● WORK REQUEST
Pictures in the data should be dropped; transcribe exactly the lines from the one that has "Ornate Green Decorative" through the one that has "MA license plate 7KD758".
** Opening TASK INPUTS block **
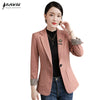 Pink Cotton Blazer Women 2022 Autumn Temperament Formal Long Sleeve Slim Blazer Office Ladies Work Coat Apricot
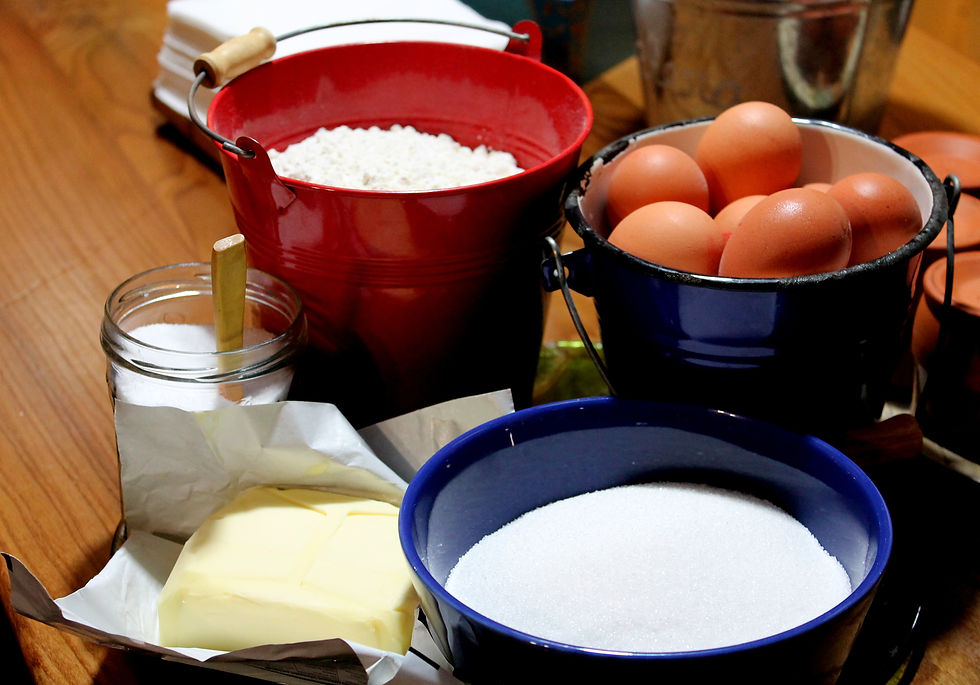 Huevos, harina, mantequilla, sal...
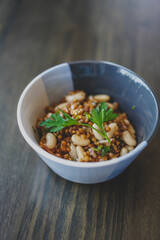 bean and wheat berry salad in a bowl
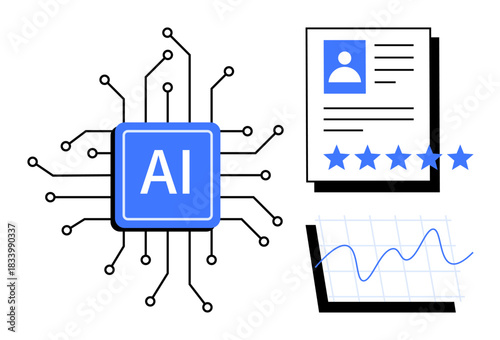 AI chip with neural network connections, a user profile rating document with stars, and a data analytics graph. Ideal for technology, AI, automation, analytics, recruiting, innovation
** Closing TASK INPUTS block **
** Opening TASK INPUTS block **
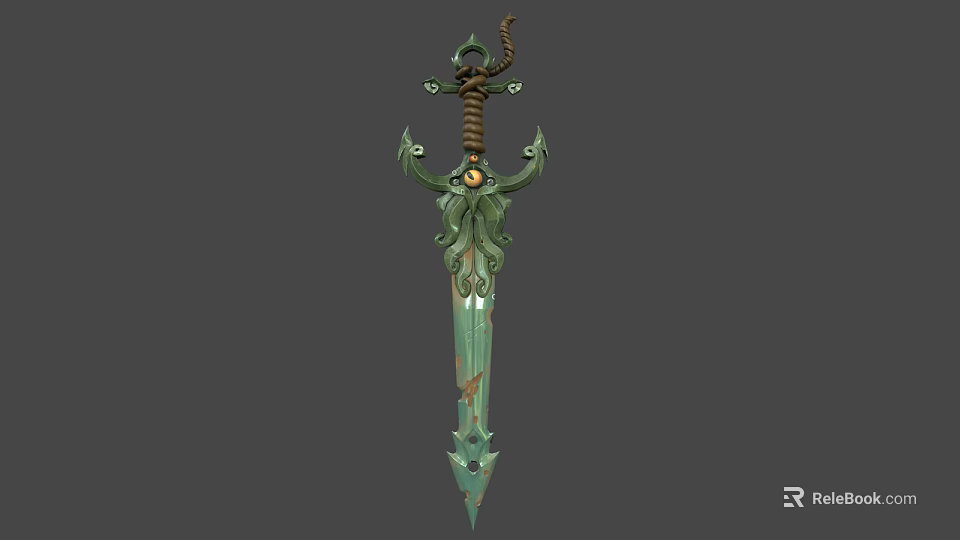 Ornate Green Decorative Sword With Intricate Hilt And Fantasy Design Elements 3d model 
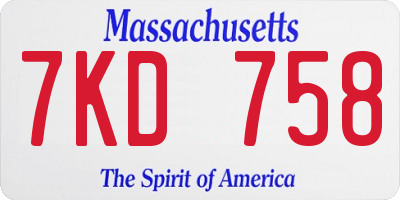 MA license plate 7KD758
** Closing TASK INPUTS block **
** Opening TASK INPUTS block **
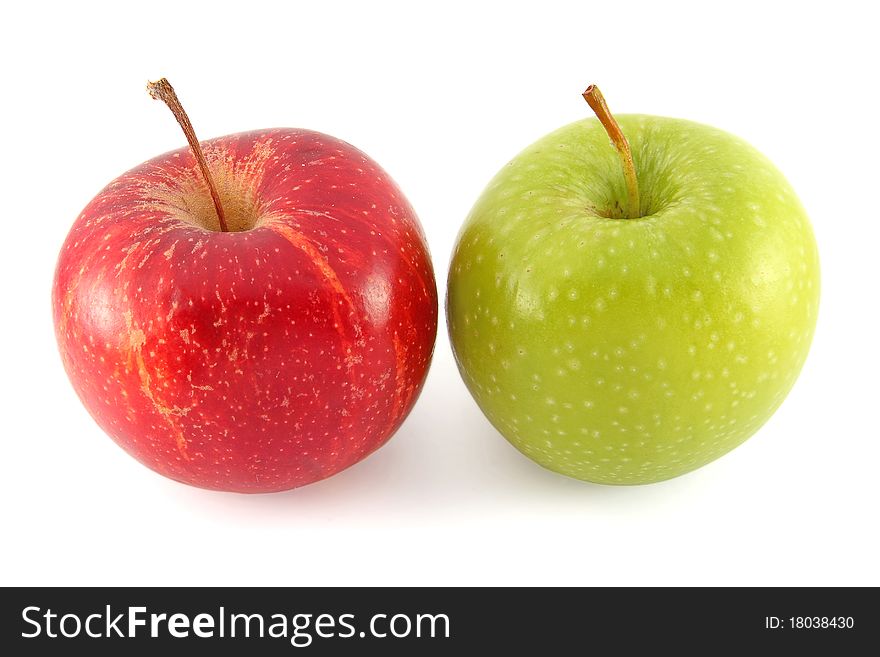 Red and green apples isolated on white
** Closing TASK INPUTS block **
● SOLUTION
 Ornate Green Decorative Sword With Intricate Hilt And Fantasy Design Elements 3d model 
 MA license plate 7KD758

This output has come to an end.